By Donna Shea & Nadine Briggspriceiswrong-300px

I’m working with a tween girl whose story tugs at my heart, and hits me in a bit of my soul. She is a sweet kid, well-mannered, bright, friendly and more. Enough that I have to wonder why she is even in my program at times (but all kids can benefit from a safe and welcoming environment where they feel supported, and I believe that is what I do for her). She has been talking to me about how she became labeled a bully by the school she was attending and consequently had to leave school to be home-schooled. There was a boy at school who she was initially friendly with, but as time progressed, she could not get him to leave her alone or give her space, and she had to resort to responding to him in a negative manner. As I listened to her story, I realized that she had become a victim of her own kindness.

Flashback to my own (Donna’s) 8th grade year. There was a boy in our class, who from the perspective of my adulthood, clearly had a social communication disorder and very likely was an autistic person. Not something any 8th grade girl at the time would have understood. However, I was raised to be kind, use good manners and be accepting of other people. I was the kid that we all hope our special needs children find at school.

It’s the night of our 8th grade dance social. The boy asks me to slow dance with him. I was uncomfortable, because I knew that I would face social consequences, but being the person I was, I said yes. Social consequences aside, the greater problem became that this boy took my acceptance of that dance and turned it into the fact that I was now his girlfriend. He told everyone at school I was his girlfriend. He followed me around school and at recess. I did not know what to do and the problem grew bigger and bigger in my 8th grade eyes. I do remember trying to seek adult advice, but I believe most of that was just to ignore him and it would stop. For many people on the spectrum, stopping is not as easy as others would make it sound. And in my tween’s case and in my case, it becomes harassment, but without any malicious intent.

My circle of friends and I took matters into our own hands. I am still deeply ashamed to this day of how I handled the problem and how I became a bully that day. When he followed me at recess, with my friends around me and in front of everyone, I screamed at him that I was not his girlfriend and to leave me alone. I scared him so badly that he urinated on himself. Whenever this story is brought up in my brain, I apologize to him again.

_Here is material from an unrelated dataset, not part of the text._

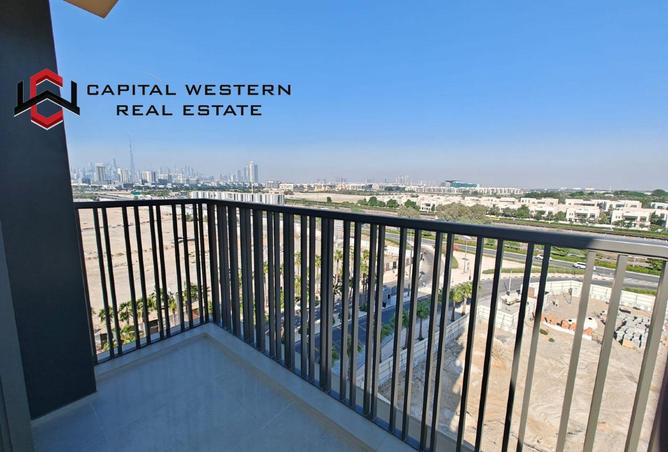 15835069 - الصورة الرئيسية للعقار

We need the kind kids. The kind kids need our help and support before our child’s differences have a negative impact on potential supportive relationships for him or her at school. Teaching the kind kids how and when to set clear boundaries is an important piece of supporting the kids who want to include our kids. If I had known to say something such as, “Thanks for asking me to dance, but I’d rather get a snack” or “Let’s wait for a fast one with the group since slow ones are for couples,” things likely would have gone much differently. It would have helped if the adults at school had taken the problem more seriously and intervened on my behalf when I couldn’t find a way to figure it out myself, other than resorting to meanness to make it stop.

My granddaughter is one of these naturally kind children and instinctively knows who needs a friend. The difference is, she has the skills she has learned with me to balance her kindness towards others with the necessary boundaries to make these more complicated peer relationships work. She won’t become a victim of her kindness or pay a price of being nice, and is a great friend to all her know her.